Before: BOGGS and GIBBONS, Circuit Judges; and RUSSELL, District Judge.*

BOGGS, Circuit Judge. Elizabeth Ann Pakenas, legal guardian of the insured, Patti Rogers, her sister, sued State Farm Insurance Company for unpaid attendant-care benefits. Pakenas had billed State Farm for attendant care, provided 24 hours a day, 365 days per year, for four-and-a-half years. The United States District Court for the Eastern District of Michigan entered a directed verdict in favor of State Farm. The court also granted State Farm's post-trial motion for attorney's fees. Pakenas appealed, arguing that the district court erred when it denied her motion for a mistrial, when it entered a directed verdict, when it denied her motion for a new trial, and when it awarded attorney's fees to State Farm. After careful consideration of the issues, this panel affirms the district court's judgment and award of attorney's fees.

IFactual History

This case originated when Patti Rogers (Rogers), the sister of Elizabeth Ann Pakenas, was injured in an automobile accident in 1976. Rogers suffered a closed head injury in the accident. Shortly after the accident, Rogers developed a seizure disorder that Pakenas claims still continues today. Taking the facts in the light most favorable to Pakenas, after the accident, Rogers "suffered a drop in IQ" from "extremely high"she had been valedictorian of her high-school class—to "normal"—estimated at 100—or, in some areas, "below normal." She was not able to go to college, she has never been able to drive again, and, for the most part, she has been unable to work. At the time of trial, she saw a neurologist who treated her for seizures and had been taking anti-seizure medication for 30 years.

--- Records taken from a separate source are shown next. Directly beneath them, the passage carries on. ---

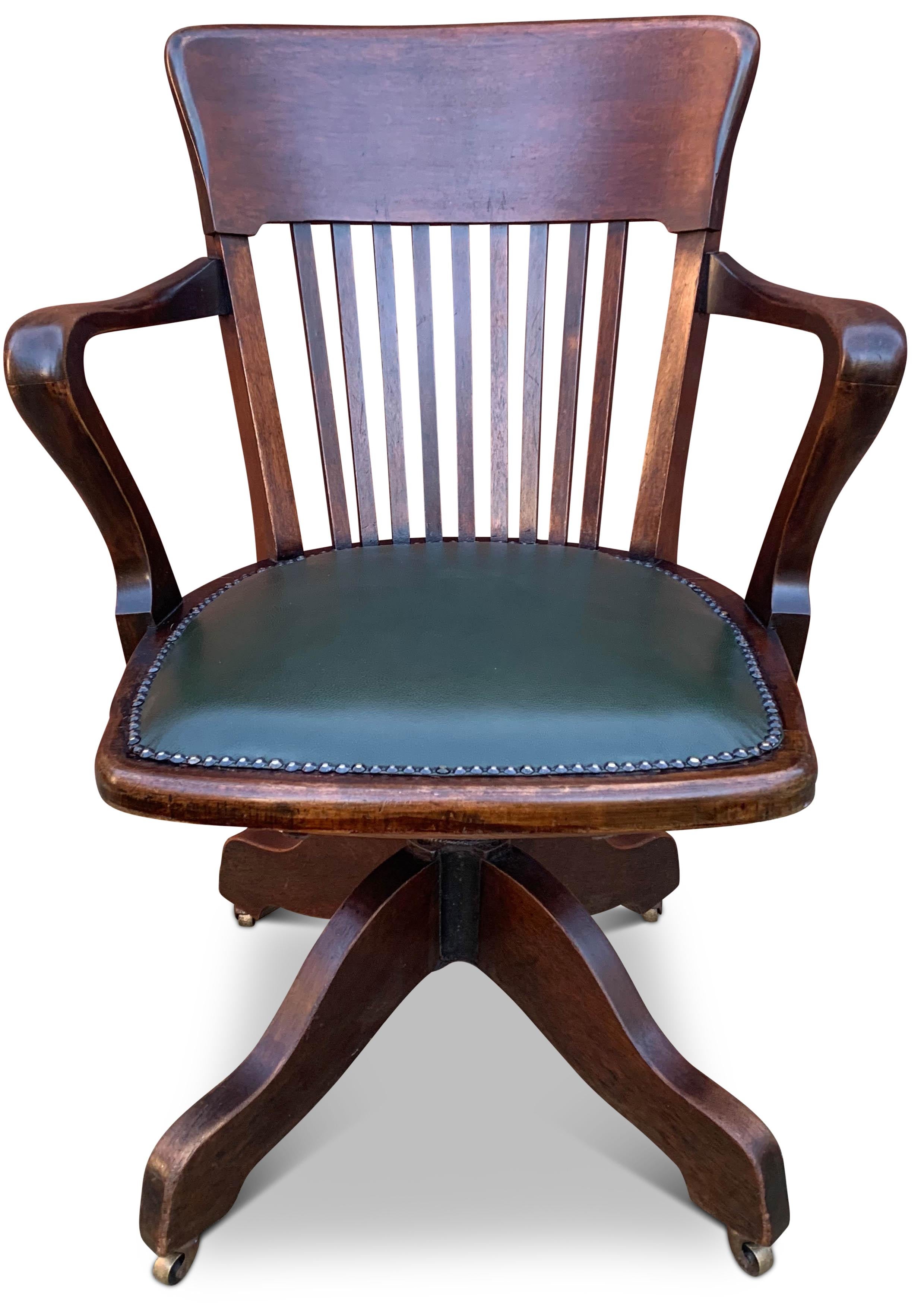 Cuir Chaise de bureau Hillcrest victorienne en acajou et cuir à dossier tournant en vente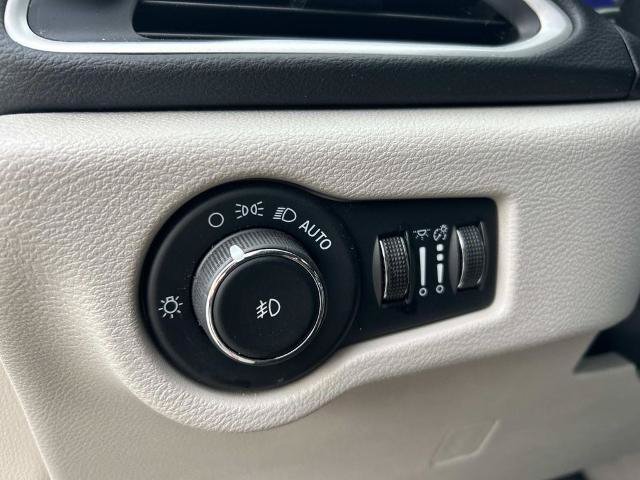 Used 2023 Chrysler Pacifica Touring-L FWD image 27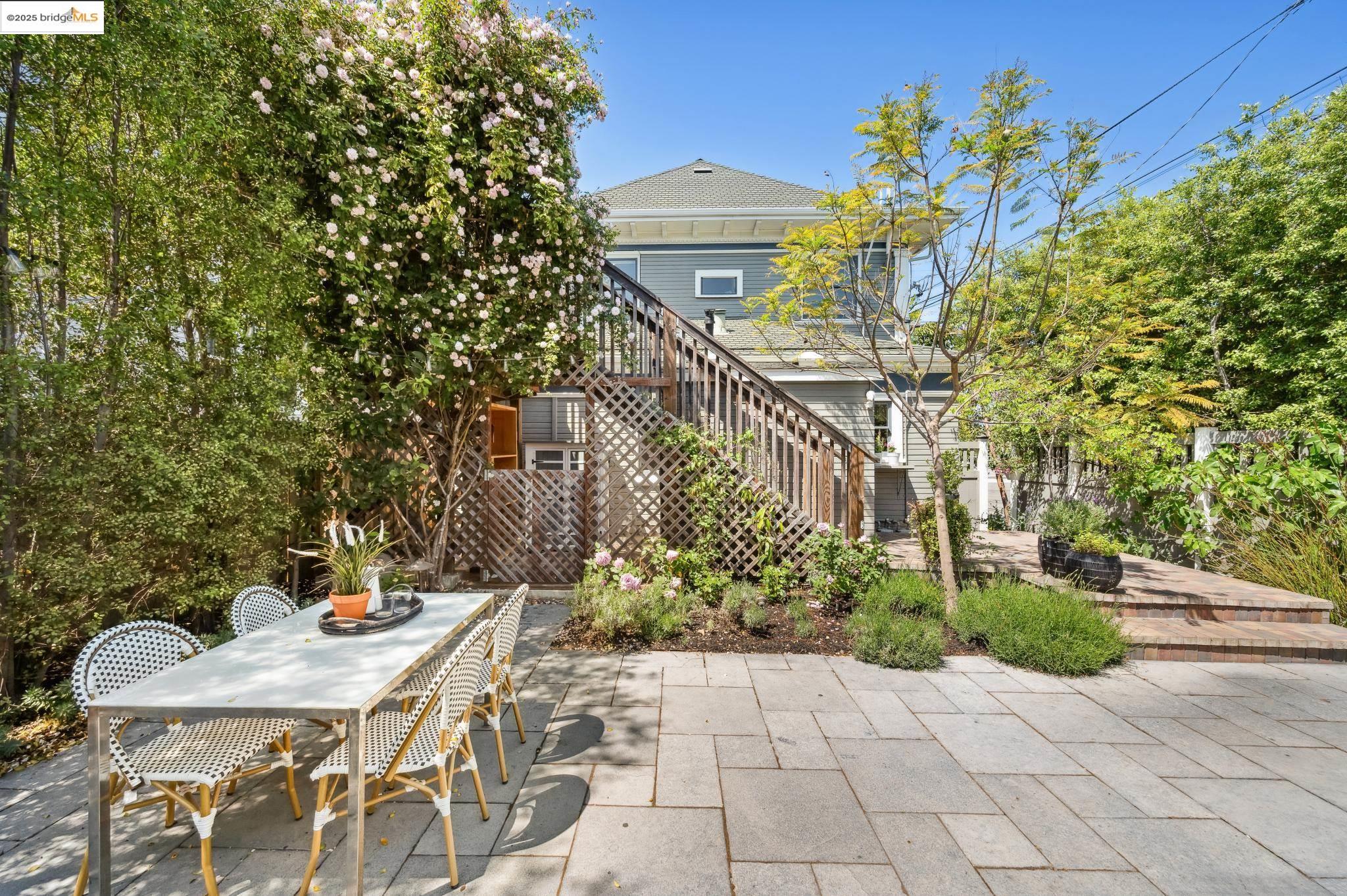 1042 Santa Clara Ave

Pakenas, who has been Rogers's legal guardian since 2002, after she was declared legally incompetent, has been a primary care-provider for Rogers since the accident. Rogers's other primary care-provider has been John Rogers, her husband. According to trial testimony, "[Pakenas] and John flip, take turns caring for [Rogers]." Pakenas claims that Rogers was allowed to be unsupervised after the accident, but that after Rogers "became confused" and "would be found, lost," she was no longer allowed to travel alone. The work Pakenas and Mr. Rogers do for Rogers was described as "orient[ing] . . . help[ing] . . . counsel[ing]." Pakenas "functions really as a case manager." Their care does not include feeding, bathing, toileting—Rogers is capable of doing these things herself. At the time of trial and "over the years," Rogers had a job, sort of a "make work" job, according to plaintiffs, at a pharmacy, "for simple jobs and she's closely supervised."

Since 1976, the year of Rogers's accident, State Farm has paid medical expenses relating to Rogers's treatment, including all pharmaceutical bills, doctor bills, and health insurance. However, Pakenas did not know that she and Mr. Rogers were eligible to receive attendant-care benefits until 2000 or 2001.1 Until that time, she claims, she and Mr. Rogers cared for Rogers without reimbursement.

As a result of discovering that Pakenas and Mr. Rogers were eligible for attendant-care benefits, Rogers filed a suit against State Farm under the Michigan No-Fault Act,2 seeking attendant-care benefits that had been unpaid for 28 years. The attendant care at issue was 24-hour-per-day care that Rogers claimed she required due to seizures, plus 12% statutory interest for payments overdue by 30 days. This claim was settled in 2004 for $5.8 million dollars.3 The settlement agreement "in no way preclude[d]" the recovery of future attendant-care benefits.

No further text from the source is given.